RNN Cell API

Warning

This package is currently experimental and may change in the near future.

Overview

The rnn module includes the recurrent neural network (RNN) cell APIs, a suite of tools for building an RNN’s symbolic graph.

Note

The rnn module offers higher-level interface while symbol.RNN is a lower-level interface. The cell APIs in rnn module are easier to use in most cases.

The rnn module

Cell interfaces

BaseRNNCell.__call__
BaseRNNCell.unroll
BaseRNNCell.reset
BaseRNNCell.begin_state
BaseRNNCell.unpack_weights
BaseRNNCell.pack_weights

When working with the cell API, the precise input and output symbols depend on the type of RNN you are using. Take Long Short-Term Memory (LSTM) for example:

import mxnet as mx
# Shape of 'step_data' is (batch_size,).
step_input = mx.symbol.Variable('step_data')
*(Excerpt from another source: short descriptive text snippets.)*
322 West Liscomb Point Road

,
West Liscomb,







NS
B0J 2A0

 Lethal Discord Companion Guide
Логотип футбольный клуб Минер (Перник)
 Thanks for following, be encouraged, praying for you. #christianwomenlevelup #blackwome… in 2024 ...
# First we embed our raw input data to be used as LSTM's input.
embedded_step = mx.symbol.Embedding(data=step_input, \
                                    input_dim=input_dim, \
                                    output_dim=embed_dim)

# Then we create an LSTM cell.
lstm_cell = mx.rnn.LSTMCell(num_hidden=50)
# Initialize its hidden and memory states.
# 'begin_state' method takes an initialization function, and uses 'zeros' by default.
begin_state = lstm_cell.begin_state()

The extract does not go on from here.